In order to replace large-scale systems for financial and public services sectors, it is essential to understand what specifications are employed by the current systems in the upstream processes. Understanding the systems that have been used over many years often depends on the experience and knowledge of persons in charge or experts. Accordingly, it has been difficult to conduct surveys of such systems sufficiently, both from a qualitative and quantitative point of view.
The "Information System Scanner" developed by Hitachi analyzes the source codes, data stored in the database and logs, and automatically outputs information required for replacing the systems. The new technology supports understanding the specifications promptly and without omission, enabling a high level of system replacement.
(Publication: September 7, 2016)
OSHIMAIt is a technology to read data that can be obtained directly from a system, and automatically output information relating to the system and relevant business operations. First, the analysis engines of the Information System Scanner analyze the source codes, data stored in the database (DB data) and logs of the subject system respectively. Then, by combining the analysis results, the Scanner outputs specifications required for replacing the system, including the business flow diagrams, screen transition diagrams and logic decision tables. As shown in Figure 1, the Information System Scanner comprises the four elemental technologies of business flow recovery, screen specification recovery, logic specification recovery and database (DB) specification recovery.

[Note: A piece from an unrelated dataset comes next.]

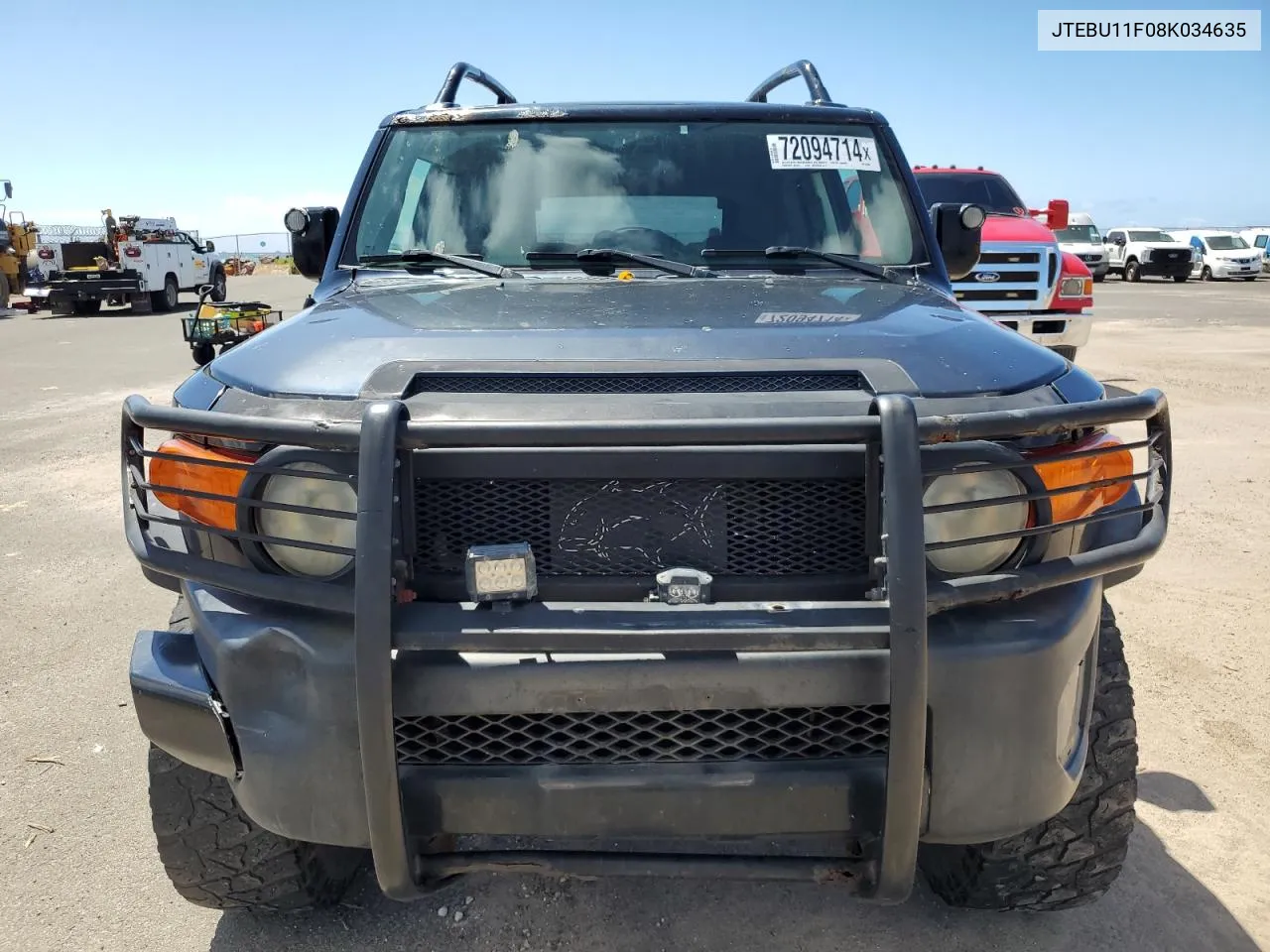 2008 Toyota Fj Cruiser VIN: JTEBU11F08K034635 Lot: 72094714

Figure 1: Scheme of the Information System Scanner
NOJIRITo put it quite simply, the technology clarifies the system specifications and business flows without depending on human memory. You can understand a system or a business scheme to a certain extent if you ask someone who has deep knowledge about it. But human memory sometimes is ambiguous, mixes up facts and is subjective, and so can be inadequate in understanding the actual condition. In contrast, the Information System Scanner uses the information that is already in the system or that can be taken from the system at present as the input information. Specifically, it uses only the source codes, actual DB data and logs. Therefore, the output information is effective as evidence that excludes subjective thinking.
OSHIMAIn the last 15 to 20 years or so, when financial and public service sectors wished to renovate their large-scale systems, they have often done so by replacing the current systems and partially adding new functions, rather than building them from scratch. Customers request us to install the new functions in the same way as their current systems. However, if such systems were built 10 or 15 years ago, it takes quite a lot of work and time to discover their functions and installation methods. If we have to spend too much time understanding the current systems, it causes the problem of not fully being able to examine the new functions of the next systems. Suppose we design and install the new functions without fully studying them, and if it is found out in the downstream test processes that the functions are insufficient, we will face a major setback.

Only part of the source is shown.